You’ll be amazed at how empowering it is when you start acknowledging you are choosing your own situation.
#7. Open some stress free space
It’s tough to move when you’re in a confined space. Which is how most people feel. They’re so busy they don’t have time to think about a new job. And they have so many financial obligations they don’t have money to explore different options.
So the trick is to take away those barriers and open space for something new to grow.
The easiest place to open time is cutting back on work. That was covered in point #1. Most people more than 70% of their awake life Monday through Friday either at work, getting to work, or thinking about work. So either get a job you like, or do less of the one you don’t.
As a reward for working at a job they don’t like, most people spend every penny they make, and then some. They are caught in a childhood paradigm where they were told that if they ate their vegetables they could get ice-cream. Eat a plateful of what you don’t like and you can have a dish of what you do.
Only now they spend twelve hours a day at what they don’t like, and they reward themselves with a quick fix of what they do. The problem is, feeding that quick fix habit ends up bringing more confinement and less options. The new car is only new the first minute you drive it off the lot. The biggest screen TV is only going to be the biggest for a few months until the newest version comes out. Having 380 channels to choose from does not give you the ability to watch more of them at once, or more time to watch them. The satisfaction from the fix goes away, but the debt incurred to get the fix, doesn’t. Which means people feel pressed to work more, but because of that they need the fix so they spend more...and the cycle trends downward from there.

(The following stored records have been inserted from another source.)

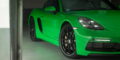 Porsche 718 Cayman GTS 4.0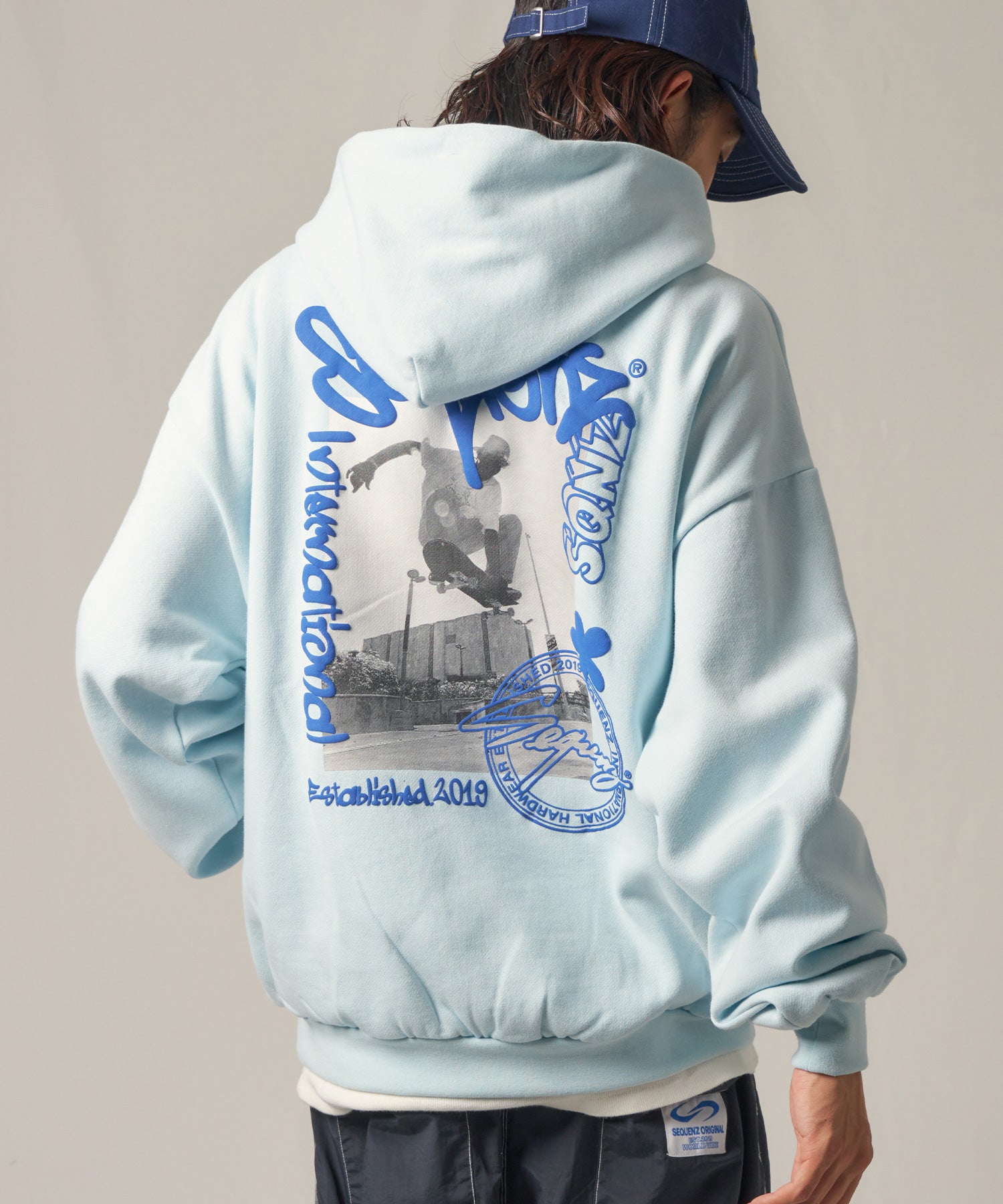 モデル:H175 Size:L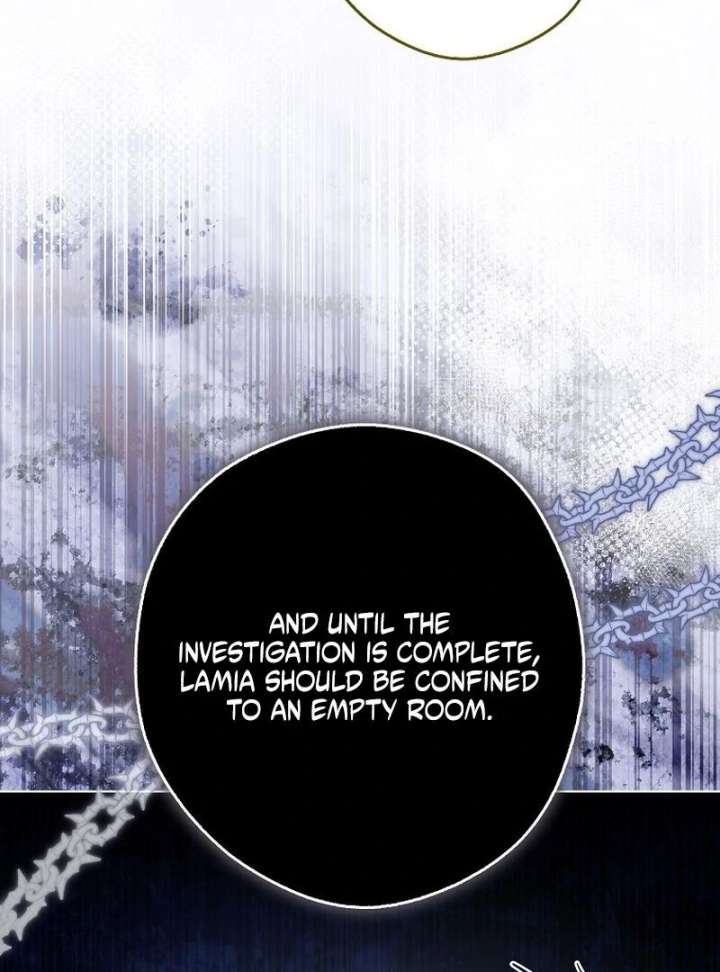 Marry or die Chapter 30 page 23 - 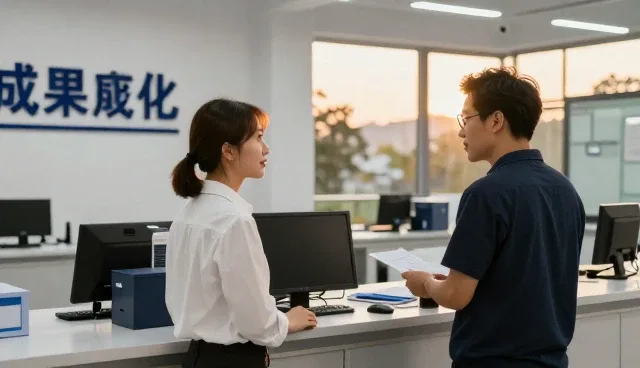 技术支撑下的安装调试实践与维护要点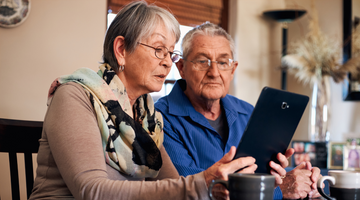 Alpino Peanut Butter and Seniors: How it Can Help with Nutrition and Health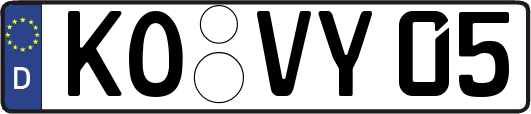 KO-VY05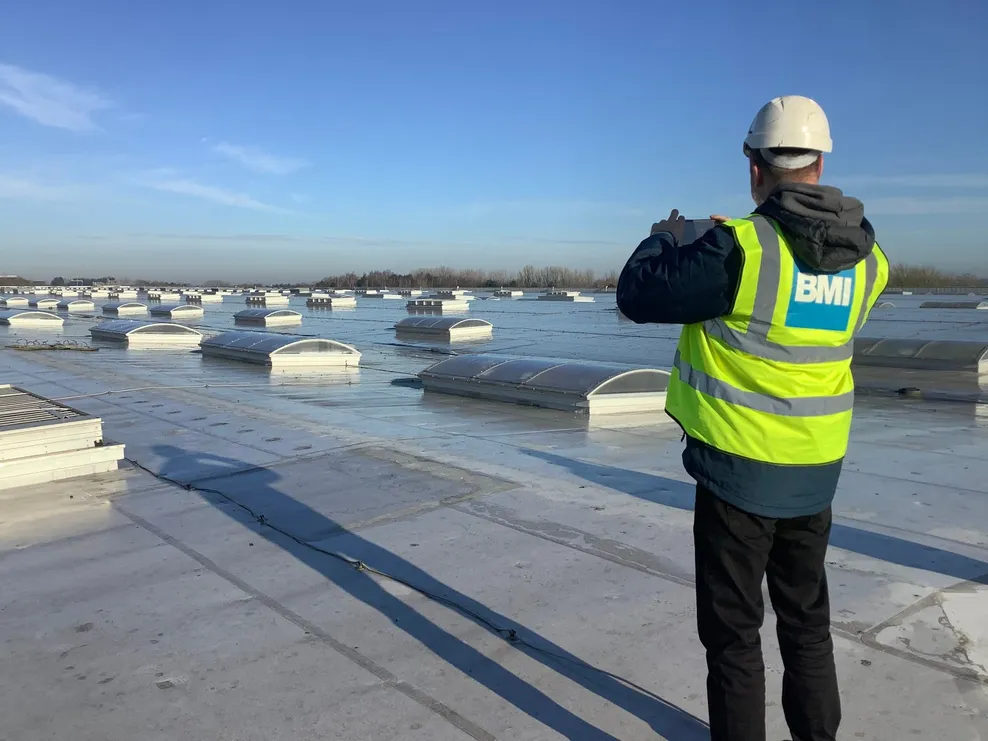 Site Inspections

Just for a few months try downsizing the things you spend money on but that don’t really bring you lasting satisfaction. Spend on what you genuinely need, not what gives you the quick fix. Save that money and when you’ve figured out step #2, start putting it toward that.
Open up some space to breathe. You’ll be amazed at how enticing life looks and how many options you’ll have for ways to live it.
#8. Stop perfecting insanity
Albert Einstein said the definition of insanity is, “doing the same things over and over again and expecting different results.” So many people talk endlessly about how they wish things were different, yet they just keep showing up to the same job every day. Not surprising, things stay the same. According to the latest stats, only 45% of people are satisfied in their job, and worse yet, 64% of workers under 25 report being actually “unhappy” in their job. Those numbers are horrible. Who wants to spend 40 years at a job that makes you “unhappy.”
And yet in order for that to change, something needs to be different. It’s not enough to read the article, it’s about putting the steps into action.
If you had six months left to live, you’d make your life exactly what you wanted it to be. You know you would. So why not do that now, when you’ve got a heck of a lot more than just six months to enjoy it.